Chinese authorities have banned the import of lavender heat pack teddy bears made in Tasmania because of fears they pose a biosecurity risk.
The ABC reports that the toys, called ‘Bobbie’, have become a real hit in China. They are not just teddy bears, but double as heat packs and can be used to treat pain and encourage sleep.
They are so popular that many fakes have been reproduced.
Chinese quarantine services discovered wheat contaminated with moths and weevils within one of the copied teddy bears and declared them a biosecurity threat.
As a result, all lavender teddy bears, including the genuine items from Tasmania have been banned.
"We found lots of serious epidemic problems," Yin Liping from the Shanghai Inspection and Quarantine Bureau said.
"It shocked us that those seeds haven't been processed at all.
"We ran the germination examination and 100 per cent of them are alive. It brought risks to us."
However, according to Jan Davis from The Tasmanian Farmers and Graziers Association, the ban is an overreaction.
"The Chinese reaction should in our view be to focus on the source of the dodgy knock-offs, not blanketly say 'no more bears can come into China'," she told the ABC.

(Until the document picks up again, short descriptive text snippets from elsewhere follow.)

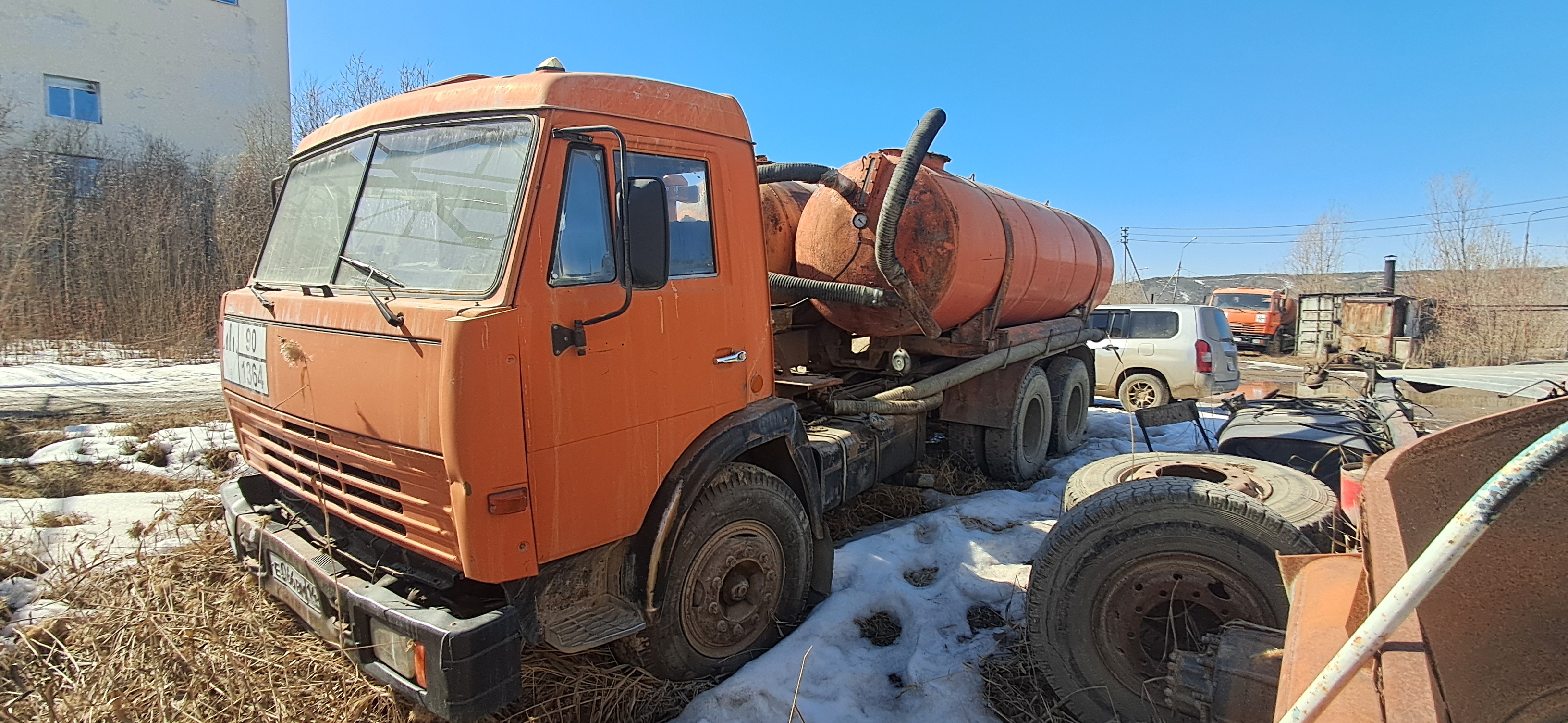 Транспортное средство – КАМАЗ КО-505А
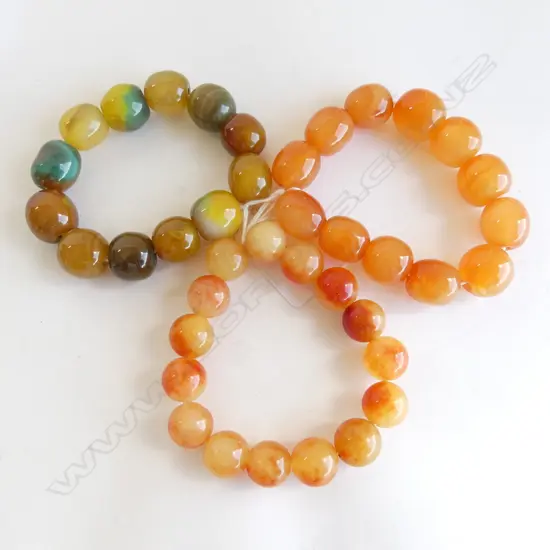 3 BEAD BRACELETS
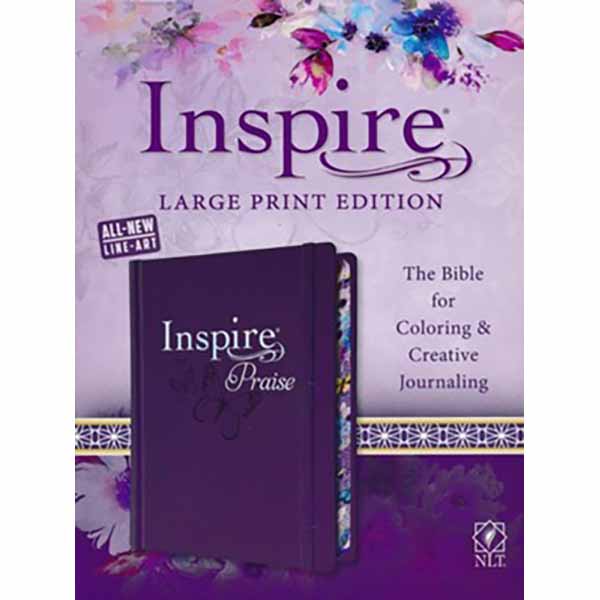 NLT Inspire Praise Bible: Large Print (Purple)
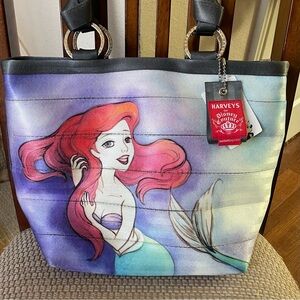 Harveys Disney Princess Ariel Carriage Ring Tote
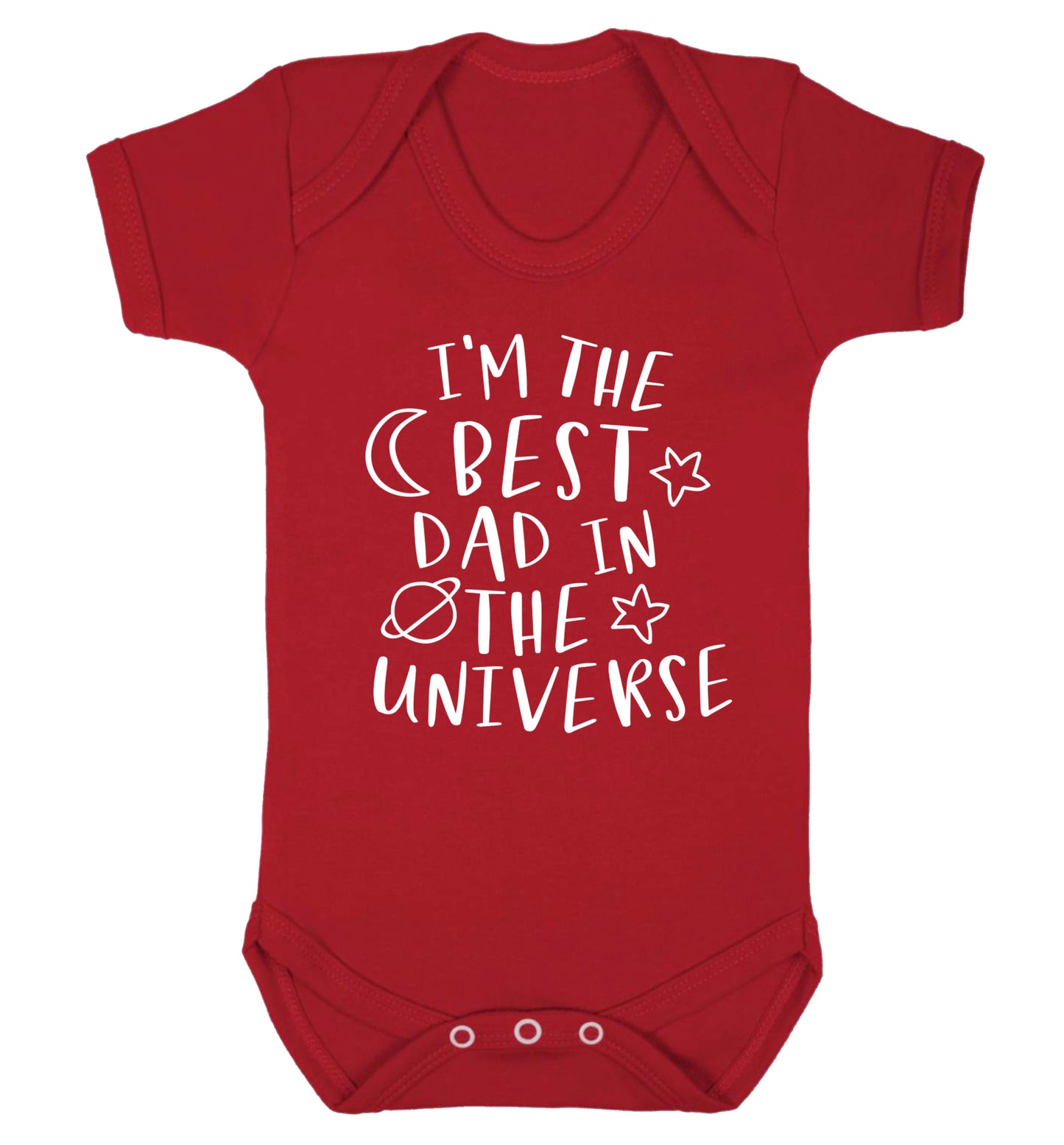 I'm the best dad in the universe Baby Vest red 18-24 months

The success of the products in China surprised their maker, Robert Ravens. He told The Wall Street Journal, "We're not aiming to dominate the world of fluffy bears. Our business is fine lavender."
"But somehow we've tapped the cultural psyche of 30-year-old Chinese ladies."
They are sold in China for about 300 yuan ($52), and the price has increased five times in the last five years.